Define for convenience $A_v:=A-v$. Then
a short computation (see \cite[Middle of the proof of Theorem 4.10]{BLY}) shows
\begin{equation}\label{eq:11}
\di^2(b_{k}, A_v)\le \di^2(b_k,A_v\cap B)-\di^2(b_{k+1},A_v\cap B).
\end{equation}
Taking also into account that the pair $(A_v, B)$ is $\gamma$-H\"{o}lder regular, we deduce that there exists a constant $c$ so that
\begin{align}
c^{-2\gamma^{-1}}\cdot
\di^{2\gamma^{-1}}(b_{k}, A_v \cap B )& \le \di^2(b_k,A_v )\nonumber\\
 &\le \di^2(b_{k},A_v \cap B )-\di^2(b_{k+1},A_v \cap B ).\label{PTsSrt:E1}
\end{align}
Thus the constants $\beta_k:=\di^2(b_k,A_v \cap B )$ satisfy the recursion
\begin{align}
\beta_{k+1} \le \beta_k\big(1-\frac{1}{c^{2\gamma^{-1}}}\beta_k^{\gamma^{-1}-1}\big).\label{LreAl:1}
\end{align}
Then by \cite[Lemma 4.1]{BLY}, the constants $\beta_k$ satisfy $$\beta_k=\mathcal{O}\Big((\delta+k)^{-\frac{1}{\gamma^{-1}-1}}\Big),$$ 
for some $\delta$.
In the case $\gamma <1$, the additive term $\delta$ can clearly be set to zero. 
On the other hand, \cite[Example~3.2]{Heinz_Set} shows that $(B_k)_{k\in\NN}$ is Fej\'{e}r monotone with respect to
$A_v \cap B$, and therefore by the standard estimate \cite[Theorem~3.3(iv)]{Heinz_Set}, we have
\begin{align*}
|b_k-\bar{b}|\leq 2\di(b_k,A_v \cap B) =\mathcal{O}\Big(k^{-\frac{1}{2\gamma^{-1}-2}}\Big) .
\end{align*}
In the case $\gamma = 1$, inequality \eqref{LreAl:1} shows a geometric decay in $\beta_k$. Appealing to \cite[Theorem~3.3(iv)]{Heinz_Set} again, linear convergence follows.
\end{proof}


We next turn to the singularity degree of set intersections -- a term coined by Sturm \cite{sturm} and rooted in \cite{face_henry}. From now on, we will exclusively consider the problem 
\begin{equation}\label{eqn:main_con}
\textrm{ find some point}\quad x\in \mathcal{V}\cap\mathcal{K},
\end{equation}
where $\mathcal{V}$ is an affine subspace of $\E$ and $\mathcal{K}$ is a
closed convex cone.

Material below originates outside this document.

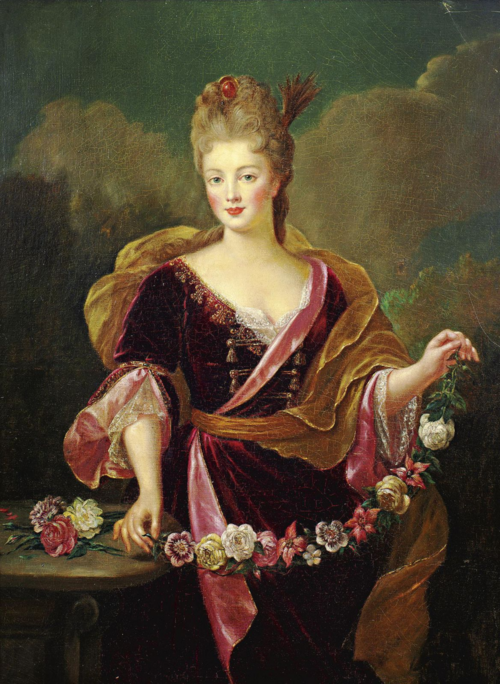 Portrait of a woman, said to be Adrienne Lecouvreur, , Alexis Simon Belle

We will assume that this problem is feasible and that
$\mathcal{K}$ has a nonempty interior (for simplicity). We then say that the
{\em Slater condition} holds if $\mathcal{V}$ meets the interior of
$\mathcal{K}$. Whenever, the Slater condition fails, one would like to detect
this and to somehow regularize the problem.  
With this in mind, Borwein and Wolkowicz \cite{face_henry} introduced the following procedure, called {\em facial reduction}, to successively embed the problem \eqref{eqn:main_con} in a smaller dimensional space, relative to which the Slater condition does hold. Here, we give an easy conceptual overview; a rigorous numerical study of facial reduction appears in \cite{vris}. To this end, consider some representation $$\mathcal{V}=\{x:\mathcal{A}(x)=b\}$$ for some linear mapping $\mathcal{A}\colon\E\to\R^m$ and for some vector $b\in \R^m$. Then the first iteration of facial reduction consists of solving the auxiliary problem: find $y\in \R^m$ satisfying
\begin{equation}\label{eqn:aux}
0\neq \mathcal{A}^*y\in \mathcal{K}^* \quad \textrm{and}\quad \langle y,b\rangle =0,
\end{equation}
where $\mathcal{A}^*$ denotes the adjoint and $\mathcal{K}^*=\{z: \langle z,x\rangle \geq 0 \textrm{ for all }x\in K\}$ is the polar cone.
The auxiliary problem is feasible if and only if Slater fails. Supposing the latter, let $y$ solve the auxiliary problem. Then the entire feasible region $\mathcal{V}\cap\mathcal{K}$ is contained in the slice $\mathcal{K}\cap (\mathcal{A}^*y)^{\perp}$. We now replace $\mathcal{K}$ with $\mathcal{K}\cap (\mathcal{A}^*y)^{\perp}$ and $\E$ with the linear span of $\mathcal{K}\cap (\mathcal{A}^*y)^{\perp}$, and 
\begin{noteH}
	should we say something on how the definition of $\mathcal A$
	changes? is it just the restriction to the new span? I forget the
	details but I think there was some subtlety to defining the new
	restriction.
\end{noteH}
repeat the procedure. The minimal number of facial reduction iterations needed to end up with a problem satisfying Slater's condition is the {\em singularity degree of the pair} $(\mathcal{V},\mathcal{K})$. 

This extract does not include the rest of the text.